Payments will range from £2,000 to £10,000 per year and will cover injuries sustained between 1966 and 2010. Anyone injured in the UK, or British or Northern Ireland citizens injured in Europe, are potentially eligible to apply.

However, the scheme has stalled, with the Northern Executive and the UK government deadlocked over who should pay the estimated £100 million cost.

The Executive maintains that it is Westminster’s responsibility, as the legislation was introduced in the UK parliament.
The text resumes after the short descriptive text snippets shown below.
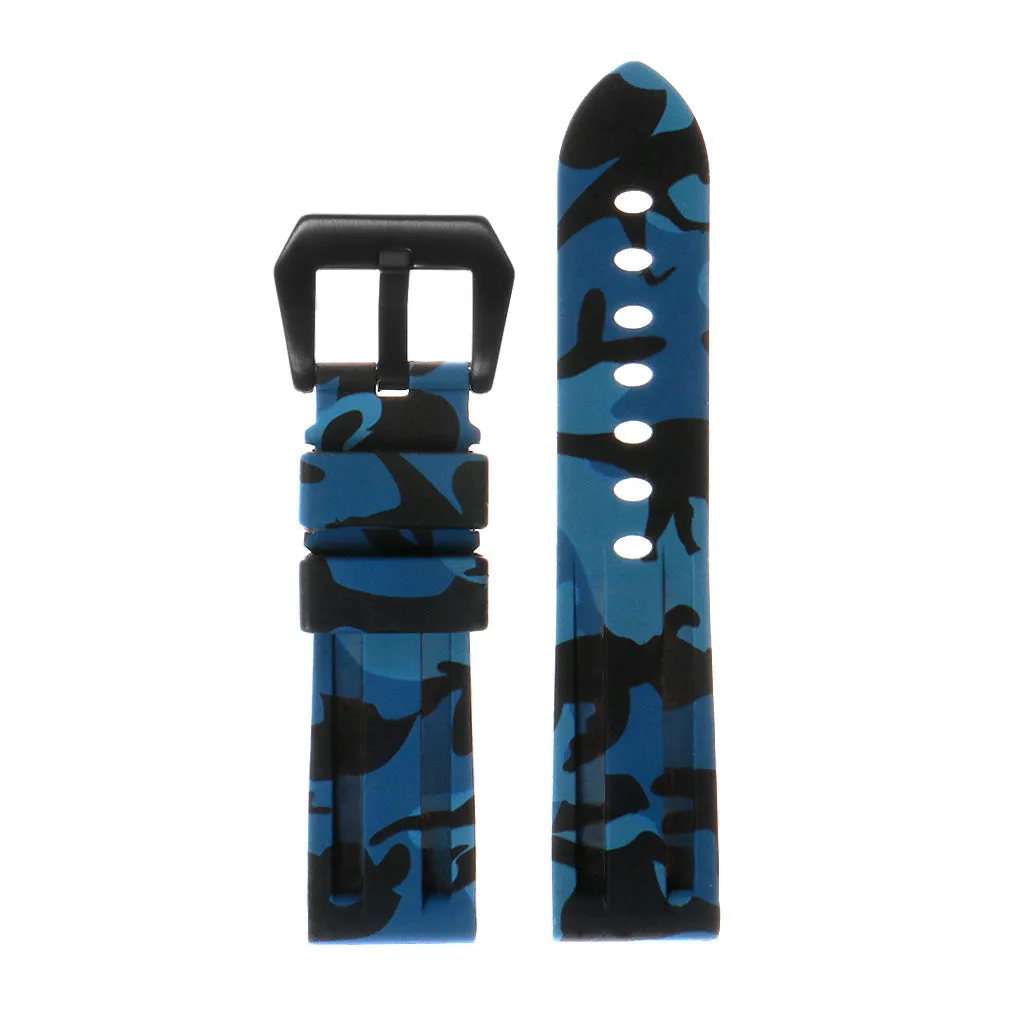 Heavy Duty Camo Rubber Watch Band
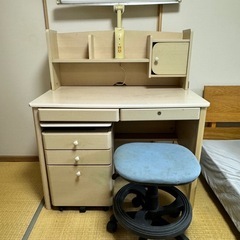 子供用　勉強机　収納　セット
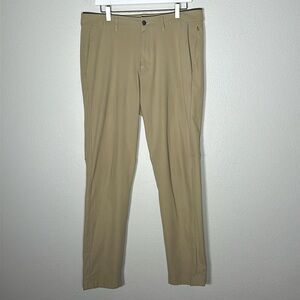 Lululemon Commission Slim Warpstreme Pants Men’s 34 X 31” Sand Stretch M5439S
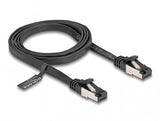 DeLOCK 80179 netværkskabel Sort 1 m Cat8.1 U/FTP (STP)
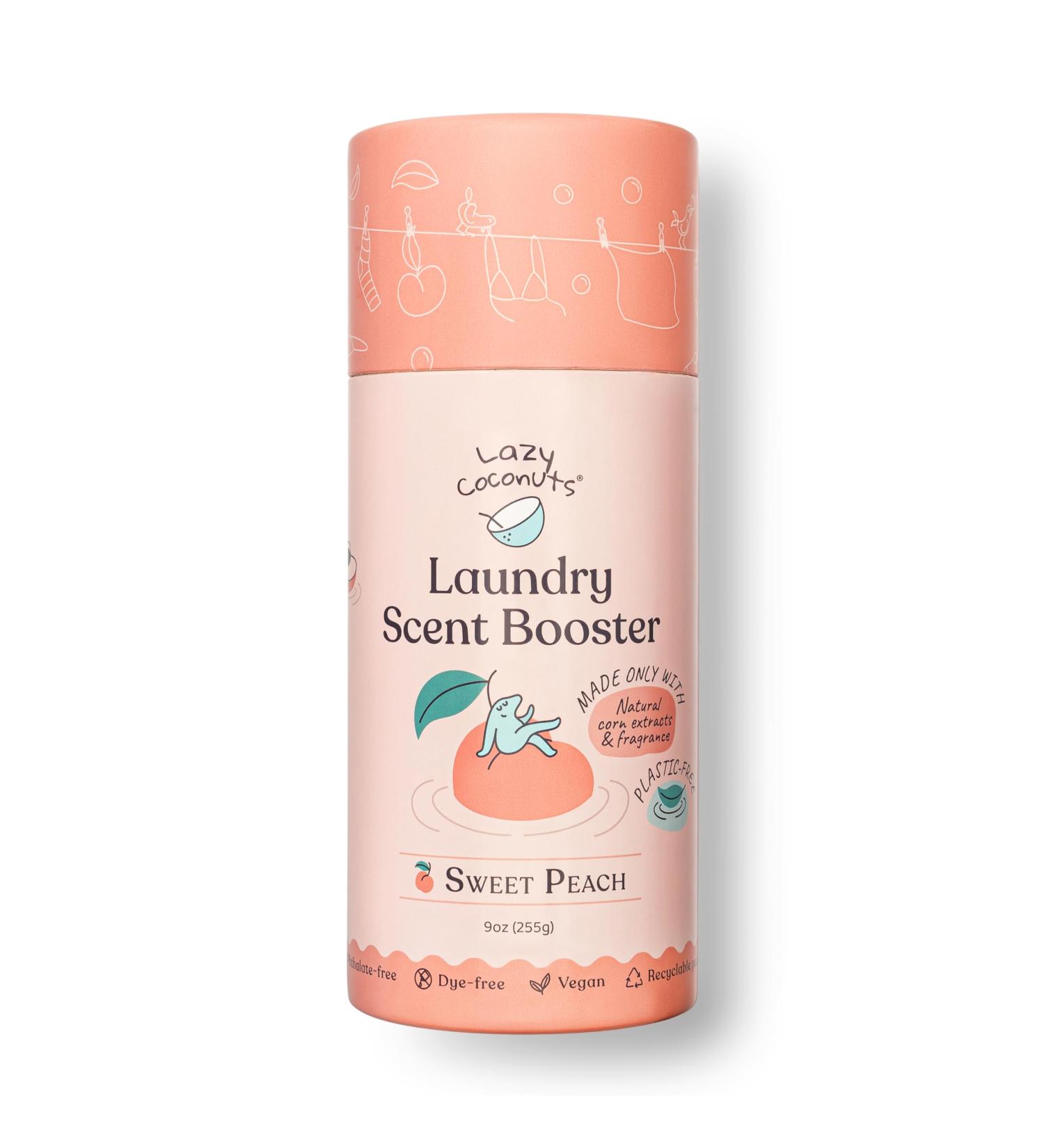 Sweet Peach Laundry Beads | Eco-Friendly Plastic-Free Natural Scent Boosters | Zero Waste Recyclable Carbon Negative - Buy Online on GoSupps.com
The UK government insists the scheme should be paid for out of Northern Ireland’s block grant – the money the Northern Executive receives from Westminster to fund public services in the North.

Responding to Ms Thompson’s letter, a spokesman for the UK government said it had fulfilled its legal obligation by making legislation establishing the victims’ payment scheme, and the Northern Executive “must now deliver.”

He said the UK government “understands the deep frustration of those who were injured in the Troubles and their families and remains extremely disappointed by the current delay.”

However he said the “discussions” about funding “are not preventing the Executive from being able to take vital steps to unlock its implementation, which it must do urgently,” the spokesman said.

Last month it emerged that the government department in Northern Ireland which will oversee the administration of the scheme has not yet been designated.

In her letter, Ms Thompson said it was “cruel, callous and insulting that this shameful stand-off played out in public is undoing the acknowledgement of pain, suffering and loss that the victims’ payment was to deliver.

“It has become the ultimate insult to those victims and survivors who campaigned for years to be acknowledged, respected and valued,” she said. “It is not good enough.”

Given that the scheme is open to victims from across the UK, Ms Thompson said it should not therefore be the sole fiscal responsibility of the Northern Executive.

However, she demanded the Executive designate a department to administer the scheme immediately.

“Twenty-two years after the Belfast Agreement was signed, we are still seeing lives devastated by legacy issues, pain passed down through families, and communities torn apart by mental health crises, substance misuse, domestic and sectarian violence,” she wrote.

“This law, passed in Westminster, will do something to make life better for those who suffered the most. It is our expectation that this legislation is implemented immediately.”

Victims and survivors groups in Northern Ireland have criticised the failure to introduce the scheme. Last month Alan McBride, of the WAVE Injured Group, took a first step towards a legal action against the Executive over the failure to introduce a scheme as required by the legislation.

The former secretary of state for Northern Ireland Lord Peter Hain, told the House of Lords on Tuesday that he had met members of the group who were understandably “devastated” by the delay.

If the dispute over funding “is the cause of the impasse then there needs to be an urgent adult conversation to resolve it,” he said.

“Either way it is completely unacceptable that the law is being flouted in this way, and I ask the Secretary of State for Northern Ireland, as the sponsor of 2019 Act, to have urgent discussions with the First and Deputy First Ministers of Northern Ireland to resolve this shameful impasse.”